A small business, as the Small Business Administration defines it, has gross annual receipts of no more than $2.5 to $21 million, depending upon the business. Selling stock to raise funds for small business has particular advantages, while some of the disadvantages can be reduced with a direct public offering or through private placement. The DPO has unique advantages for small businesses.
Selling stock is an efficient way to raise funds. Depending upon the offering method, the amount raised for a small business can vary from under $500,000 to several million dollars. While borrowing funds increases operating costs by the interest amount, a stock offering does not. An aura of success surrounds a stock offering -- it signals to the business community that others have confidence in your company's future. This can make doing business easier.
When you sell stock, you give up some rights to your investors. If your business plan calls for several quarters of losses while you expand your business, for example, you may believe the eventual rewards justify the plan. Your investors, however, may not. If they lose faith in your leadership, your company's stock price may fall, hurting your company's image. Investors may vote in board directors who oppose you. Eventually, you can lose control of your company.
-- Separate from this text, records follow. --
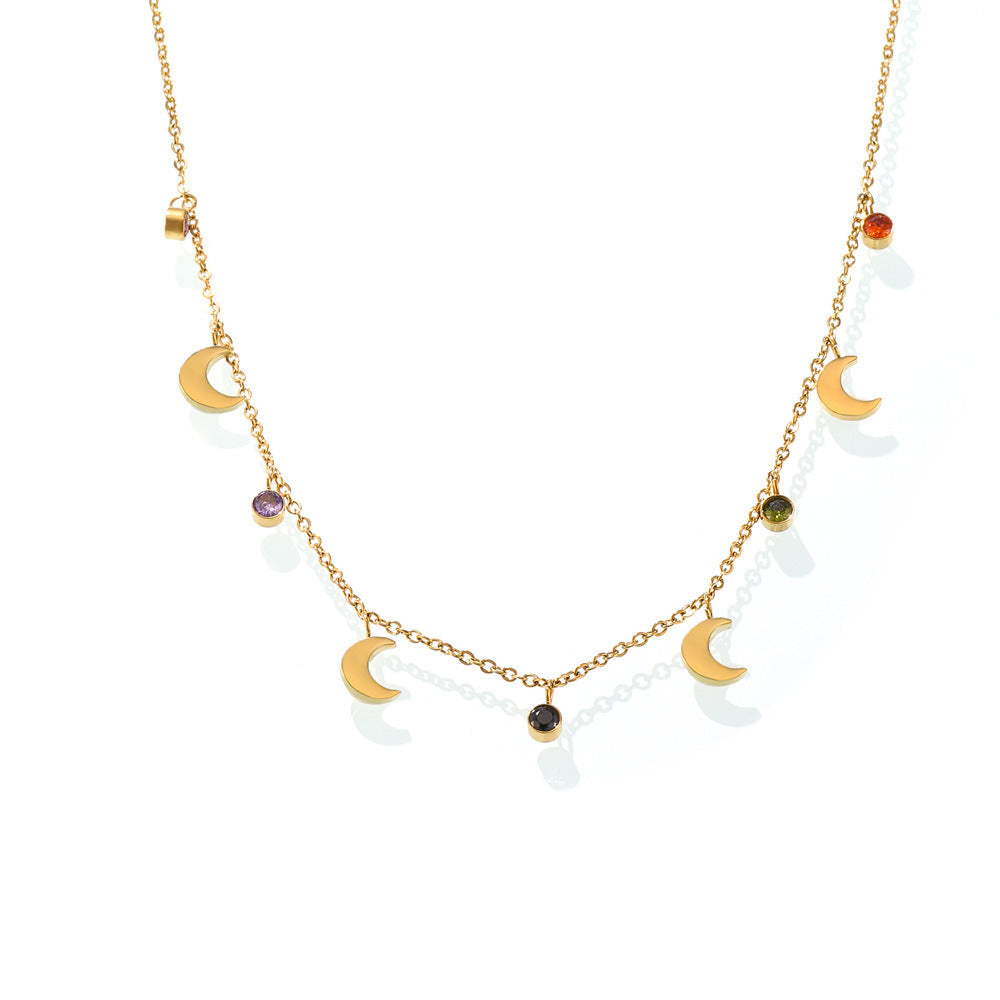 Collar de clavícula con forma de luna de acero inoxidable bañado en oro de 18 quilates y borlas de diamantes de imitación multicolor 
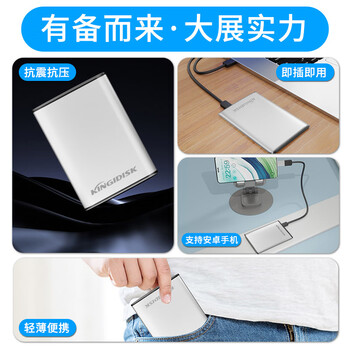 黑甲虫 (KINGIDISK) 1TB USB3.0 移动硬盘 SLIM系列 2.5英寸 珍珠银 9.5mm金属纤薄 抗震抗压 SLIM100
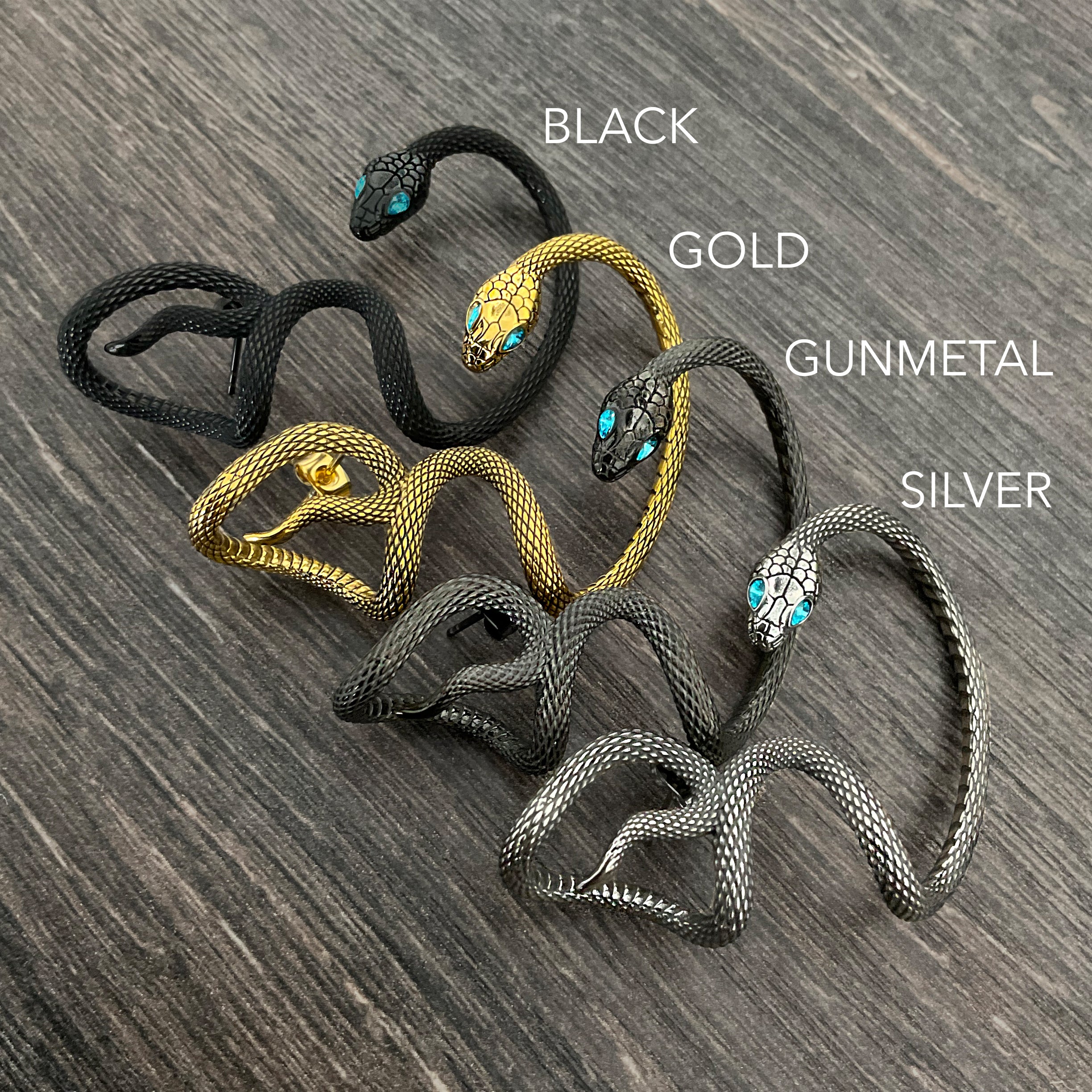 Snake ear wrap with Aquamarine Cz stones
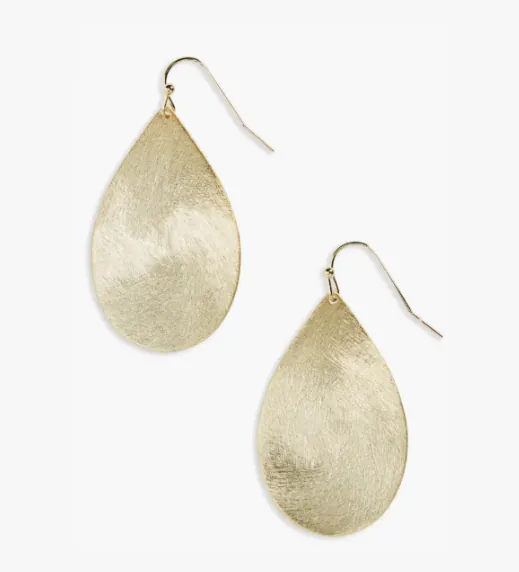 Large Brushed Teardrop Earrings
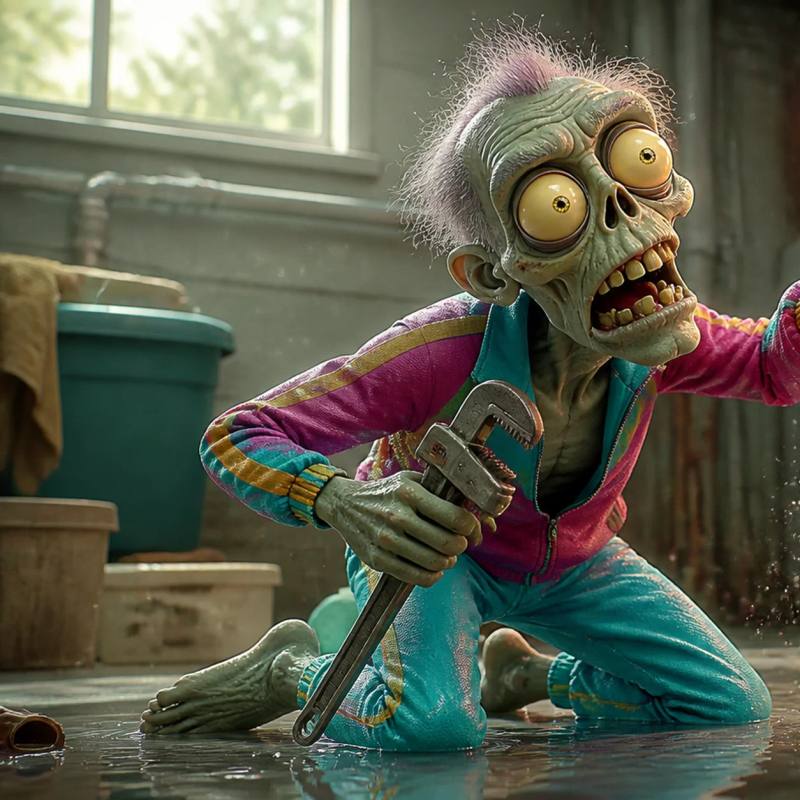 Illustration of a zombie plumber kneeling in a flooded basement next to a spraying burst pipe, wrench in hand, triumphantly holding up a giant glowing map pin marker into the air.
Selling stock through an initial public offering is costly. Regulatory, legal and auditing expenses required by the Securities and Exchange Commission will cost at least $1 million. George Jenkins, a venture capitalist quoted in a Bob Brooke Communications article on IPOs, says that to make an IPO work, the amount raised needs to be at least $10 million. For smaller IPOs, getting the interest of an underwriter -- the investment bank or similar institution that the SEC requires to manage an IPO -- is difficult. Underwriters commonly get from 3 to 10 percent of a public offering. The regulatory, legal and auditing costs of remaining public after an IPO run a yearly minimum of $200,000.
The DPO has advantages of an IPO at lower cost. Companies can qualify for a DPO under SEC regulations providing regulatory exemptions in three tiers: offerings up to $1 million, $5 million and offerings limited to investors in a single state. These approaches eliminate the underwriter requirement and can keep offering costs under $50,000. After going public, a DPO company operates with substantially lower regulatory costs than an IPO company. With a DPO, you can sell stock directly to your customers, giving them a stake in your success. When you report to local investors, you are also advertising your business. Selling stock through a DPO can increase sales and customer loyalty. Ben & Jerry's raised its initial funds through a DPO. Private placement of stock is a another way of raising money. It has disadvantages, such as high placement cost and restriction of sales to SEC "qualified investors," but it also has regulatory advantages similar to the advantages of DPOs.